Information supplied>
◆ ◆ ◆
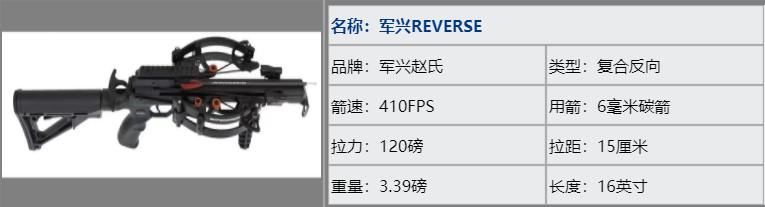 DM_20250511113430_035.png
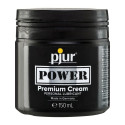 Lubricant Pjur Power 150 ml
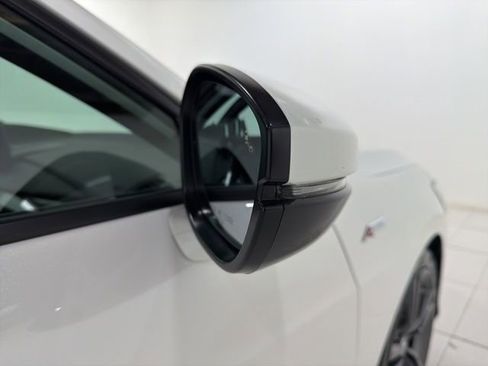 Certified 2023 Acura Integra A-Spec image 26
◆ ◆ ◆
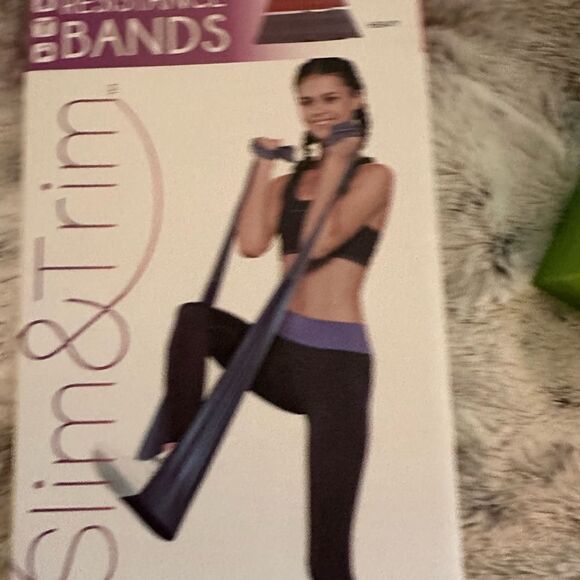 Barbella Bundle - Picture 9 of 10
◆ ◆ ◆
Task description> Look above for the line containing "Lubricant Pjur Power 150 ml" and the line containing "Certified 2023 Acura Integra A-Spec image 26", then reproduce both and everything between them exactly, pictures omitted.

Written response>
 Lubricant Pjur Power 150 ml
 Certified 2023 Acura Integra A-Spec image 26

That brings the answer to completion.